Michele Deitch is an attorney with over 20 years of experience working on criminal justice policy issues with state and local government officials. She was recently named a 2005-06 Soros Senior Justice Fellow, one of only six such fellowships awarded nationally by the Open Society Institute of the Soros Foundation. Her areas of specialty within the criminal justice field include institutional conditions and management, prison and jail overcrowding, corrections law, prison privatization, sentencing reform, probation and parole, and alternatives to incarceration. She holds a J.D. from Harvard Law School, an M.Sc. in psychology (with a specialization in criminology) from Oxford University, and a B.A. from Amherst College.
Since 1993, Deitch has served as an independent consultant to state and local policy-makers and agency officials around the country on a wide range of corrections and sentencing issues. She also currently serves as Reporter to an American Bar Association Task Force that is drafting national standards on prison legal issues, and most of her current research focuses on the issues of prison oversight, accountability, and human rights. Deitch also currently serves as Contributing Editor to the Correctional Law Reporter, one of the country?s leading journals for correctional administrators and lawyers. Previously, she held some key positions with the Texas Legislature, including serving as General Counsel to the Texas Senate Criminal Justice Committee and as the Policy Director of the Texas Punishment Standards Commission. Working in those posts, she was involved with virtually every major criminal justice policy initiative considered by state officials in Texas in the early 1990s. During the late 1980s, Deitch was appointed by Judge William Wayne Justice as a monitor of conditions in the Texas prison system, as part of the landmark Ruiz prison reform lawsuit.

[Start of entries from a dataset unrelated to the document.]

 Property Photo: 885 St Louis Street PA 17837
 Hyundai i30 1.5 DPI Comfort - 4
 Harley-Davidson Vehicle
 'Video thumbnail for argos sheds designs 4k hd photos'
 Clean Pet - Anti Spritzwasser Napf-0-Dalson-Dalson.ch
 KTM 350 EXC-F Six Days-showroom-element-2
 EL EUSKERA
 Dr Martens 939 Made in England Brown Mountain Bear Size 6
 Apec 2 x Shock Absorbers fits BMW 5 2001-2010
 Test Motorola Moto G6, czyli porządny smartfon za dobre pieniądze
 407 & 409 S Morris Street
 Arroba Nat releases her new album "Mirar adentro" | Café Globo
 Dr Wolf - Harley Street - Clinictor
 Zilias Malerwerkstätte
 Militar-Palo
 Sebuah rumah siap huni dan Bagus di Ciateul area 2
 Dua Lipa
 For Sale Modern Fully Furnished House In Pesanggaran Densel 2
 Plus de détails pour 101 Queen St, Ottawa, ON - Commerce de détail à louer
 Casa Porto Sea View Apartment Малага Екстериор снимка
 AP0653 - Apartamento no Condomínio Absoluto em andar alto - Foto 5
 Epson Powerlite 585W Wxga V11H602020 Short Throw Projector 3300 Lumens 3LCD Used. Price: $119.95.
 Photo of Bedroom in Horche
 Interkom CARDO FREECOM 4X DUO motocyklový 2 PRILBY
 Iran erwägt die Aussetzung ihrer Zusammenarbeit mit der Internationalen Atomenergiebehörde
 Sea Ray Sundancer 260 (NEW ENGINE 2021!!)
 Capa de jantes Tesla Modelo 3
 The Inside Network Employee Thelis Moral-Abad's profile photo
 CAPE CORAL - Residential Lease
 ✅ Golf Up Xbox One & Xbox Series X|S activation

In 1990, Deitch was the Hart Visiting Fellow at the University of London (Queen Mary and Westfield College), where she did research, writing, and teaching on criminology and criminal justice. She has lectured on criminal justice subjects both nationally and internationally, has organized academic conferences, and has a host of publications in the field. She has also served on several boards, including serving as a member of the Amherst College Board of Trustees. She teaches a course on criminal justice policy at the LBJ School, and organized a conference entitled "Opening Up a Closed World: What Constitutes Effective Prison Oversight?" which was held at the LBJ School in April 2006.